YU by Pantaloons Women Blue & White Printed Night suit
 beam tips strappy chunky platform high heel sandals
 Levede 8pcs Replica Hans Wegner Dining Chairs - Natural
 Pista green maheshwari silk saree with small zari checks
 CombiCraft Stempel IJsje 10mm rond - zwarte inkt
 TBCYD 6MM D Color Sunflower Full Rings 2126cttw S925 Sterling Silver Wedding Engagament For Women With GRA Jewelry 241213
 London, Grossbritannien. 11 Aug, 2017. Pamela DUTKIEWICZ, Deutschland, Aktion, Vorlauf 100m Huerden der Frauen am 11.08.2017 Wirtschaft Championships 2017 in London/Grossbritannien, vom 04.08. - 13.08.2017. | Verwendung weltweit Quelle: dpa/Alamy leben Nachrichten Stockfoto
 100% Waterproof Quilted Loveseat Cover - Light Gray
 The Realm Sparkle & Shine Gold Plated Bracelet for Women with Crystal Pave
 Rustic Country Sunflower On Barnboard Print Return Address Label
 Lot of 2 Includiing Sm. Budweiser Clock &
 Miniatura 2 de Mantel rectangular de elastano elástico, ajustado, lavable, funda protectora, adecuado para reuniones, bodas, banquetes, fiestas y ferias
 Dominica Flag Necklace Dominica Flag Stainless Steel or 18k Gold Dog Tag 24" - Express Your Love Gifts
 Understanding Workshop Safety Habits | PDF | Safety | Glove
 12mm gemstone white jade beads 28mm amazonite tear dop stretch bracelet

+ + + +

Repeat the data above. Change nothing.

YU by Pantaloons Women Blue & White Printed Night suit
 beam tips strappy chunky platform high heel sandals
 Levede 8pcs Replica Hans Wegner Dining Chairs - Natural
 Pista green maheshwari silk saree with small zari checks
 CombiCraft Stempel IJsje 10mm rond - zwarte inkt
 TBCYD 6MM D Color Sunflower Full Rings 2126cttw S925 Sterling Silver Wedding Engagament For Women With GRA Jewelry 241213
 London, Grossbritannien. 11 Aug, 2017. Pamela DUTKIEWICZ, Deutschland, Aktion, Vorlauf 100m Huerden der Frauen am 11.08.2017 Wirtschaft Championships 2017 in London/Grossbritannien, vom 04.08. - 13.08.2017. | Verwendung weltweit Quelle: dpa/Alamy leben Nachrichten Stockfoto
 100% Waterproof Quilted Loveseat Cover - Light Gray
 The Realm Sparkle & Shine Gold Plated Bracelet for Women with Crystal Pave
 Rustic Country Sunflower On Barnboard Print Return Address Label
 Lot of 2 Includiing Sm. Budweiser Clock &
 Miniatura 2 de Mantel rectangular de elastano elástico, ajustado, lavable, funda protectora, adecuado para reuniones, bodas, banquetes, fiestas y ferias
 Dominica Flag Necklace Dominica Flag Stainless Steel or 18k Gold Dog Tag 24" - Express Your Love Gifts
 Understanding Workshop Safety Habits | PDF | Safety | Glove
 12mm gemstone white jade beads 28mm amazonite tear dop stretch bracelet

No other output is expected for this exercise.